__THE INPUT__:
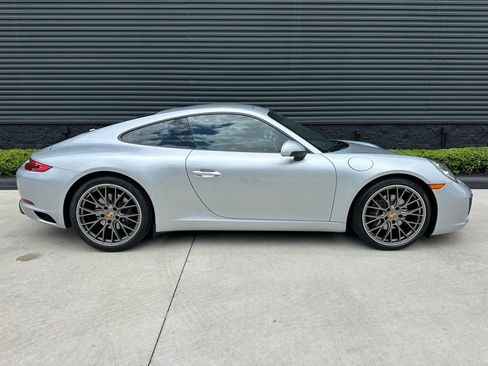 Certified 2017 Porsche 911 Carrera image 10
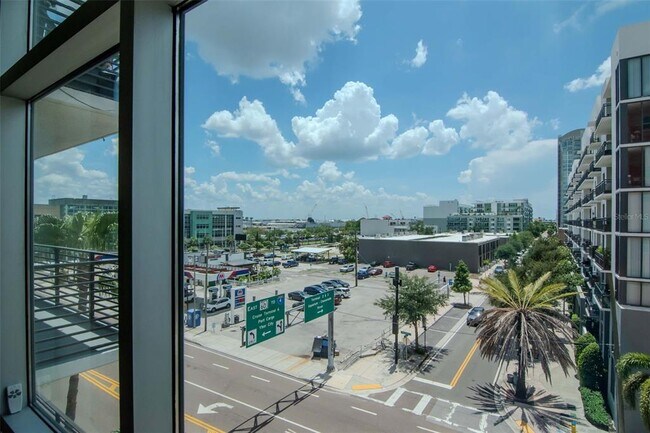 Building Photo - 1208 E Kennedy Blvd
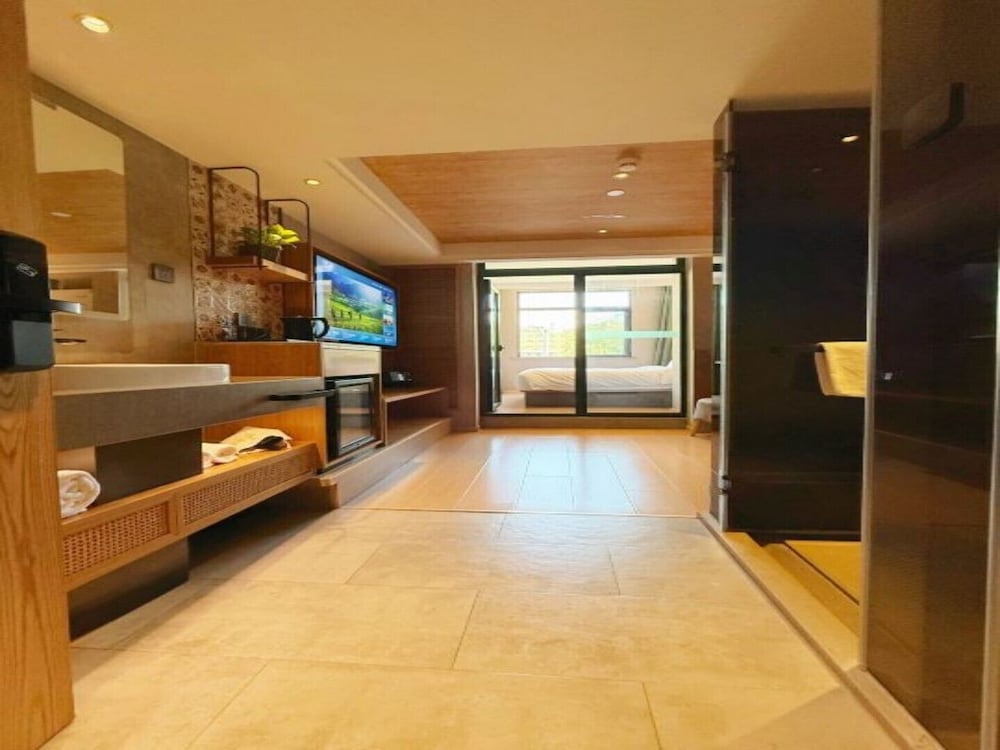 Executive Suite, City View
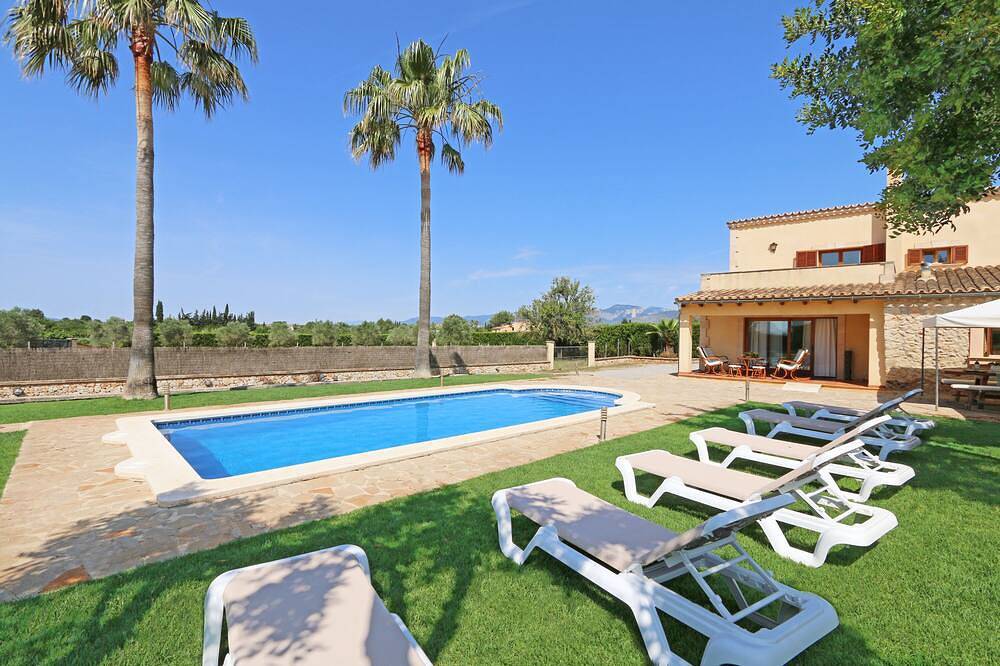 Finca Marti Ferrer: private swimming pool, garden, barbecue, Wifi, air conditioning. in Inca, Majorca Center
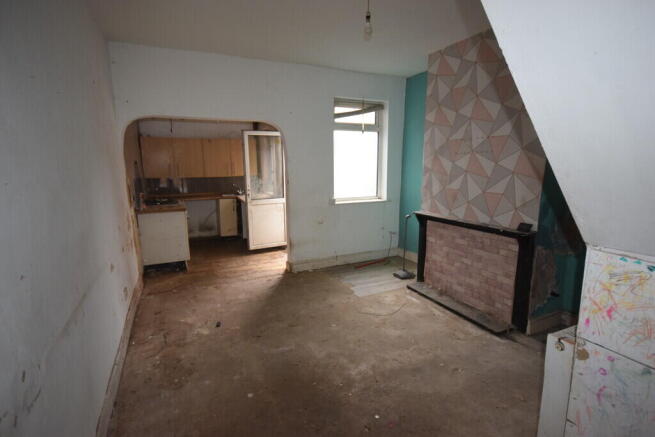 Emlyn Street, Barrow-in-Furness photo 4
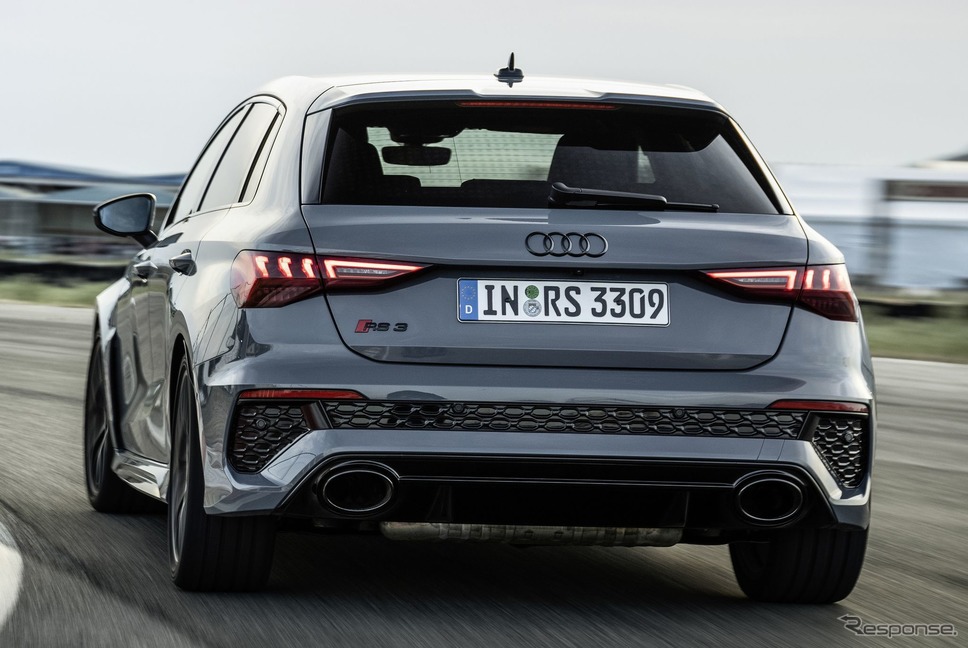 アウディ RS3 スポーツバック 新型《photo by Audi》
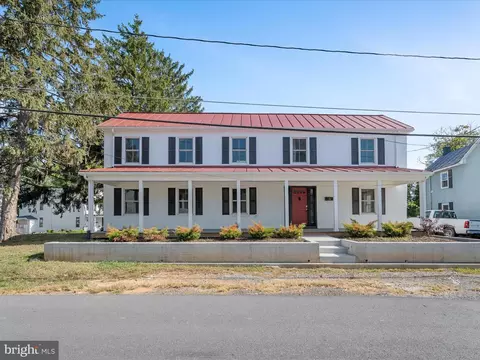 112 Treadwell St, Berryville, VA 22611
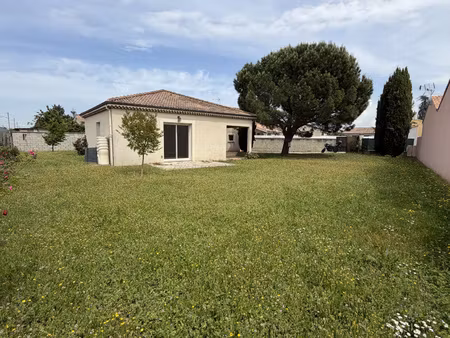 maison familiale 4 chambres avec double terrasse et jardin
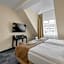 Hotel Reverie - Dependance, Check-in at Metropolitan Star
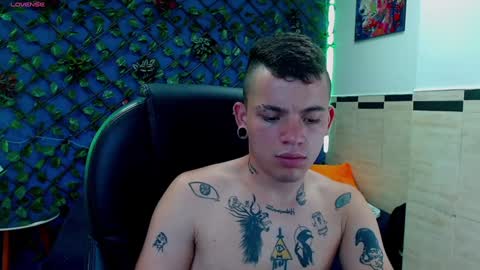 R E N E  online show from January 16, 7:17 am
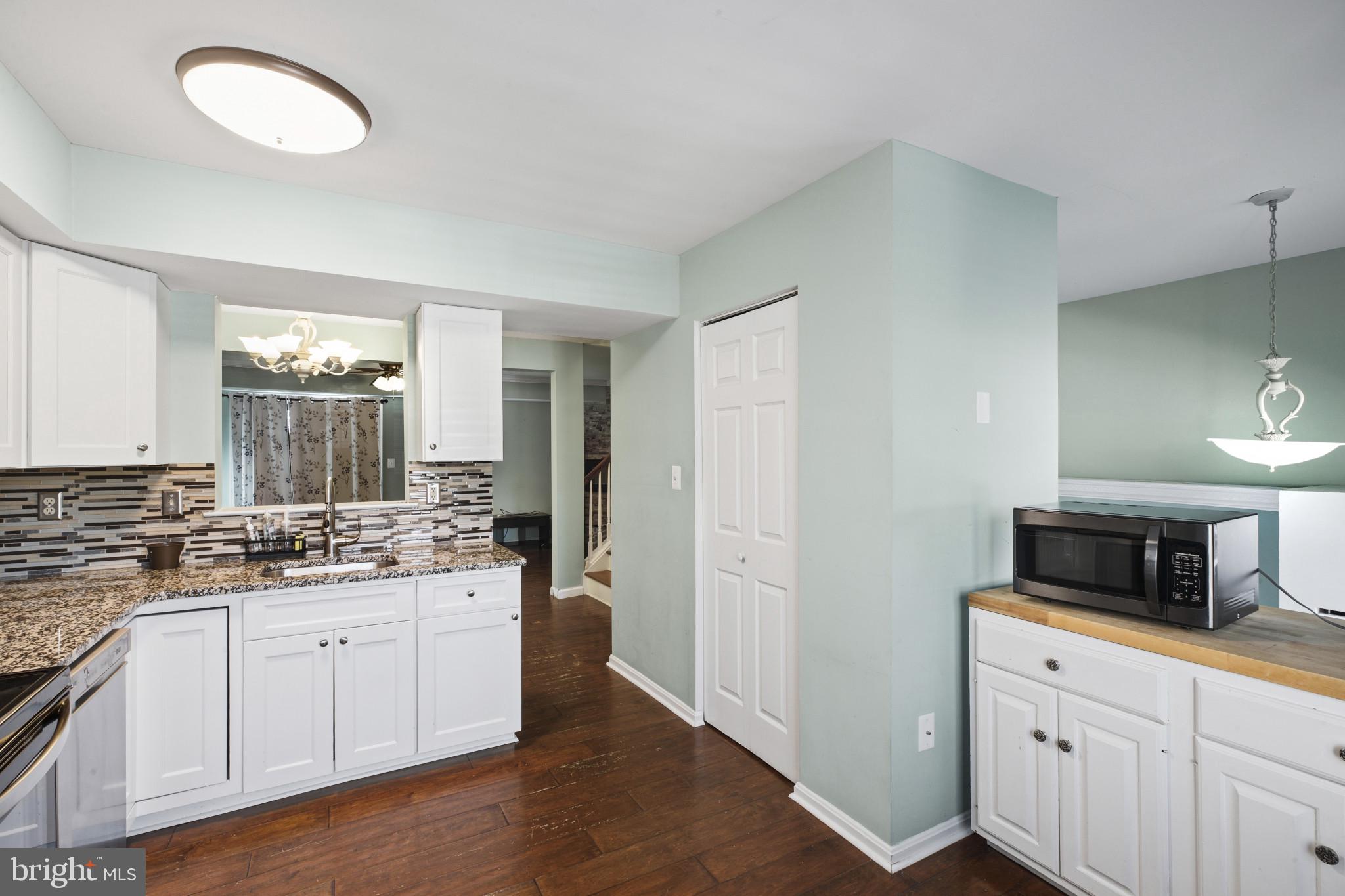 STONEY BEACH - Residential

__TASK INSTRUCTIONS__: Lines from the one containing "Emlyn Street, Barrow-in-Furness photo 4" through the end of the material above must be reproduced exactly; pictures must not be.

__EXERCISE RESULT__:
 Emlyn Street, Barrow-in-Furness photo 4
 アウディ RS3 スポーツバック 新型《photo by Audi》
 112 Treadwell St, Berryville, VA 22611
 maison familiale 4 chambres avec double terrasse et jardin
 Hotel Reverie - Dependance, Check-in at Metropolitan Star
 R E N E  online show from January 16, 7:17 am
 STONEY BEACH - Residential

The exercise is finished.